審議の結果、削り節については定義と名称を一部改正した上で存続させ、その他の項目については廃止する方向で取りまとめることが決定された。

煮干魚類の個別ルール見直し

 煮干魚類については、全国煮干協会から詳細な説明が行われた。同協会は、魚類を原料としない煮干しとの区別のため、定義と名称については現状維持を希望していた。一方、原材料名、内容量、表示禁止事項については、横断ルールでの対応が可能として廃止を求めていた。

魚種混入問題への対応

 審議では、海中で混在して生息する魚類の選別作業の困難さが焦点となった。協会側は、手作業による選別の限界を説明し、意図しない魚種の残存について理解を求めた。
 委員からは、重量の割合が80%以上の魚種がある場合の特別規定について、他の食品への悪影響を懸念する声が上がった。

 これに対して消費者庁は、意図しない混入については横断ルールで対応可能との見解を示した。使用した原材料を重量割合の高い順に表示するという基本原則に従い、選別努力を行った上で残存する魚種については表示義務がないとの解釈を明確にした。意図せずに混入した原材料を表示する必要はない。そもそも意図して使っているわけではないので、書こうと思っても表示することはできないとの判断を示した。

最終的な取りまとめ

 審議の結果、煮干魚類の個別品目ルールについては、定義と名称は現状維持とし、その他の項目については廃止する方向で取りまとめることが決定された。
 業界団体には、品質維持のための選別努力の継続が求められ、協会側もこれに応じる姿勢を示した。両品目とも、実態に合わせた合理的な規制への見直しが実現することとなった。

食酢表示の現状と課題

 続いて、「食酢」の表示ルールの見直しに関する議論が行われた。食酢はその製造工程や原材料の多様性ゆえ、消費者への適切な情報提供のあり方が課題とされてきた。
 議論の中では、特に「醸造酢」と「合成酢」の区別や、原材料の表記方法に関する現行ルールの分かりにくさが問題視された。現行制度では、複数の酢をブレンドした製品でも、最終製品の表示に原酢の構成や比率が反映されないことが多く、これが消費者の理解を妨げているとの指摘が出た。

製法・用途表示を巡る意見の対立

 委員からは、具体的な製造方法や原材料を明記する方向でのルール整備を求める声が上がる一方で、業界側からは過度な表示義務が現場の混乱やコスト増につながるとの懸念も示された。例えば、米酢や果実酢のように原材料によって風味や用途が異なる酢製品においては、原材料名に加えて「○○酢」といった用途名や製法表示を加えることの是非が論点となった。
 また、使用する原材料に由来する成分や添加物の表示方法についても、酢酸やアルコール添加などの工程をどこまで記載すべきかについて意見が分かれた。

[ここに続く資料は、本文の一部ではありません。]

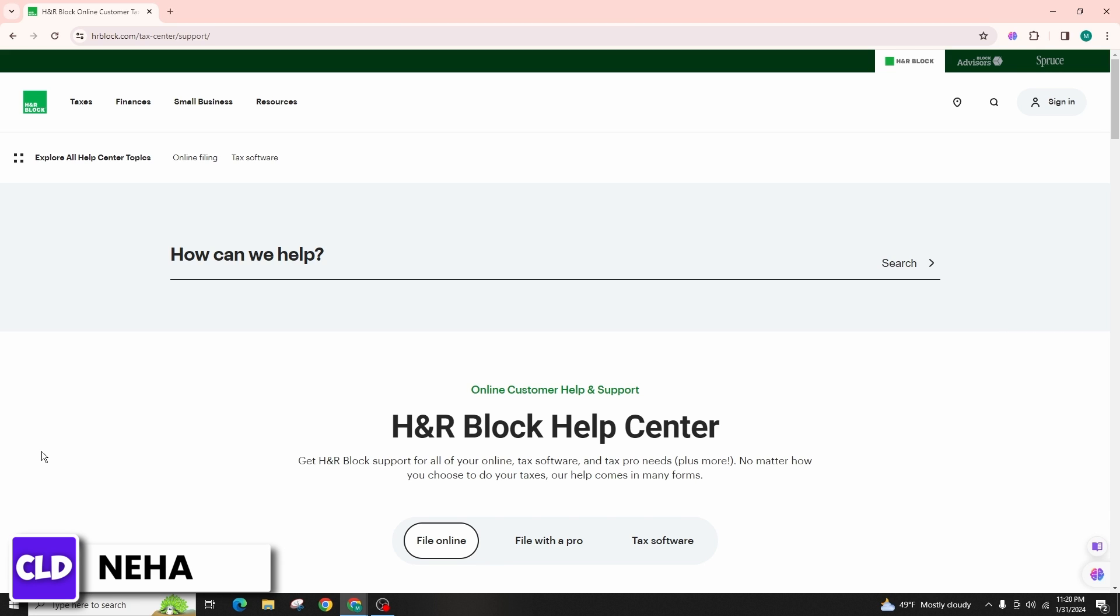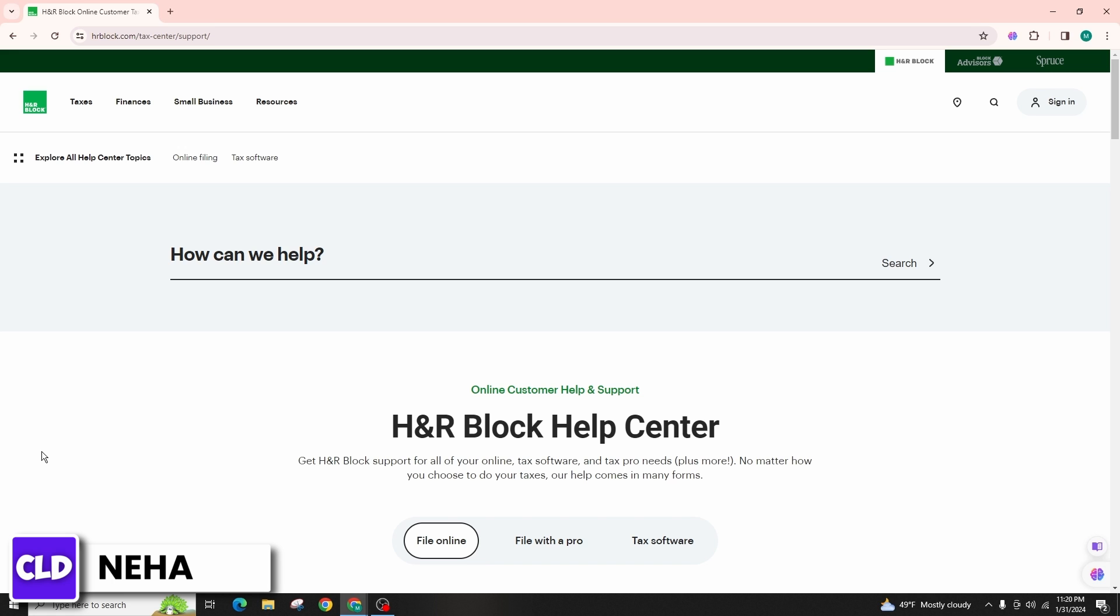By following these steps, you can delete your H&R Block account for the tax year 2024. Make sure to consider any implications of deleting your account, such as loss of access to past tax returns or account history, before proceeding with the deletion process. This was all about deleting your H&R Block account.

 最終的に、定義・名称は現状維持、添加物・名称規制は廃止で合意された。追加的表示事項のうち酸度・種類別名称は現状維持、醸造酢混合割合・希釈倍数は廃止される。表示様式は酸度規定のみ現状維持とし、表示禁止事項は一部改正で進める方針が示された。第12回懇談会は8月26日に開催予定で、ドレッシング・食用植物油脂・農産物漬物の3品目を審議する。